Means for Solving Problem
[0010] In order to solve the above-described problems, a lamp
according to the present invention includes: a light emitting diode
as a light source; and a driving circuit that turns on the light
emitting diode by an alternating-current or direct-current power
source. The lamp further includes a life detecting element that
turns off the light emitting diode following the occurrence of
insulation deterioration in a resin material when the light
emitting diode has been operated for a predetermined time.
[0011] Namely, a lamp according to the present invention is
characterized by a light emitting diode and a driving circuit that
turns on the light emitting diode, and further a life detecting
element that turns off the light emitting diode according to
changes in electrical characteristics caused depending on the
operating time of the light emitting diode.
Effects of the Invention
[0012] According to the lamp of the present invention, the life
detecting element using a resin material in which insulation
deterioration occurs turns off the light emitting diode being
turned on when the light emitting diode has been operated for a
predetermined time. Thus, it is possible to inform a user that the
lamp including the driving circuit is at the end of its productive
life and urge the user to replace the lamp reliably.
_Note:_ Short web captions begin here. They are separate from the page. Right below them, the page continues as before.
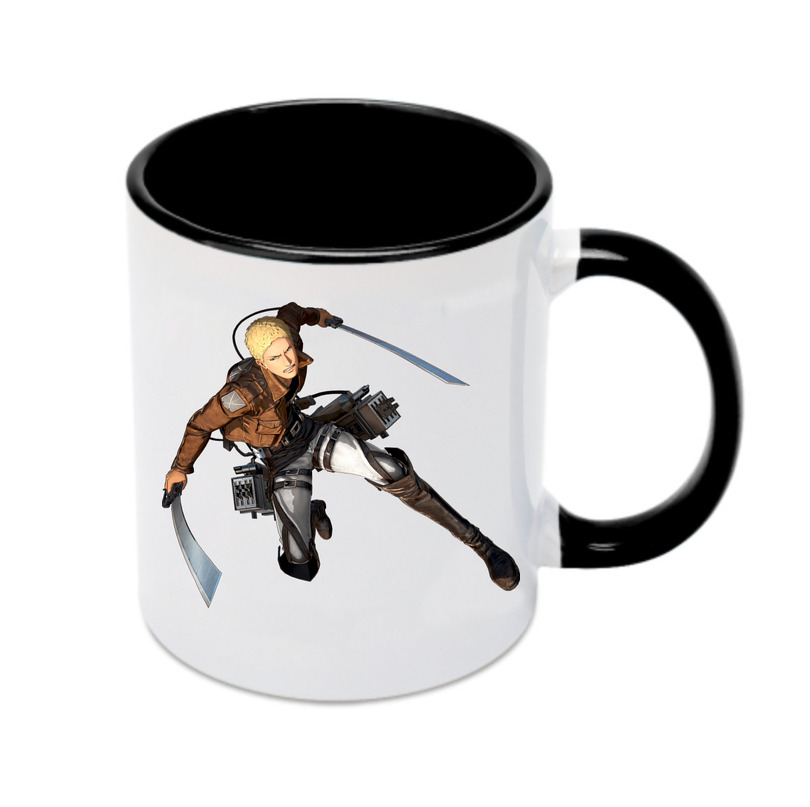 （画像用） 進撃の巨人 ライナー・ブラウン Attack on Titan Reiner Braun カラーマグカップ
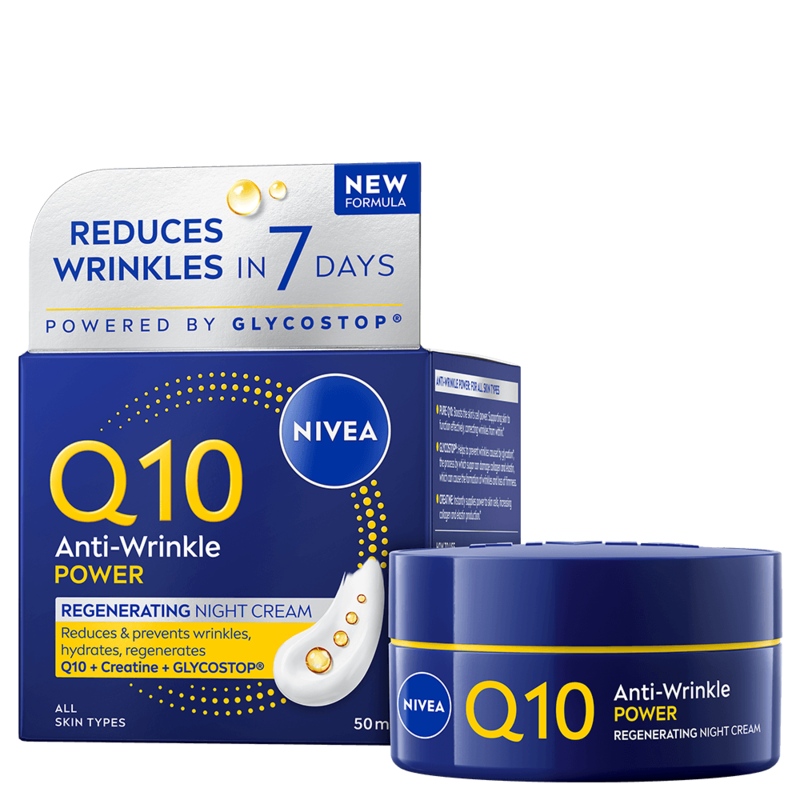 Alternativ bild 0 för NIVEA Q10 Power Replenishing Night Cream 50 ml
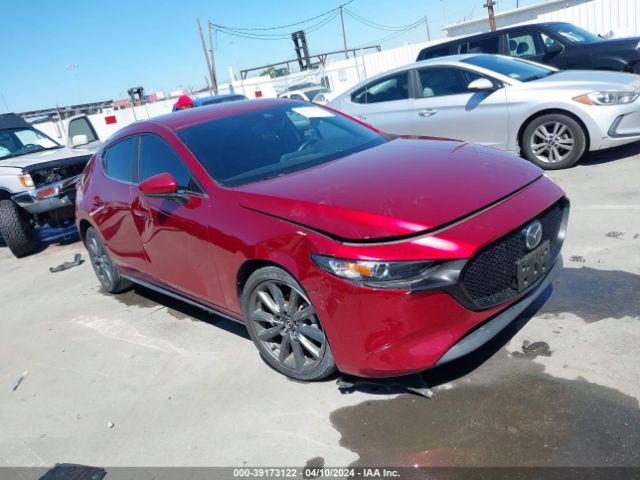 Auction sale of the 2020 Mazda Mazda3, vin: JM1BPALM4L1158610, lot number: 39173122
BRIEF DESCRIPTION OF DRAWINGS
[0013] FIGS. 1A and 1B are circuit block diagrams showing a first
exemplary arrangement of a life detecting element in a lamp
according to an embodiment of the present invention. FIG. 1A shows
a film capacitor arranged in parallel with an entire connection
body in which a plurality of LEDs are connected in series, and FIG.
1B shows the film capacitor arranged in parallel with a part of the
LEDs in the connection body in which the plurality of LEDs are
connected in series.
[0014] FIG. 2 is a circuit block diagram showing a second exemplary
arrangement of the life detecting element in the lamp according to
the embodiment of the present invention. The film capacitor is used
as a circuit element of an LED driving circuit.
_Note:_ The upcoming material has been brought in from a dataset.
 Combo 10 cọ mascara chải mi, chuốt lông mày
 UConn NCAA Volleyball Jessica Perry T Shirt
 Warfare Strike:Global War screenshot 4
[0015] FIG. 3 is a circuit block diagram showing a third exemplary
arrangement of the life detecting element in the lamp according to
the embodiment of the present invention. The film capacitor is used
in a power circuit of the LED driving circuit.
[0016] FIG. 4 is a circuit block diagram showing a fourth exemplary
arrangement of the life detecting element in the lamp according to
the embodiment of the present invention. The film capacitor is used
in a filter circuit connected to the LED driving circuit.
[0017] FIG. 5 is a circuit block diagram showing a fifth exemplary
arrangement of the life detecting element in the lamp according to
the embodiment of the present invention. A detection coil with a
resin-coated winding is used in the LED driving circuit.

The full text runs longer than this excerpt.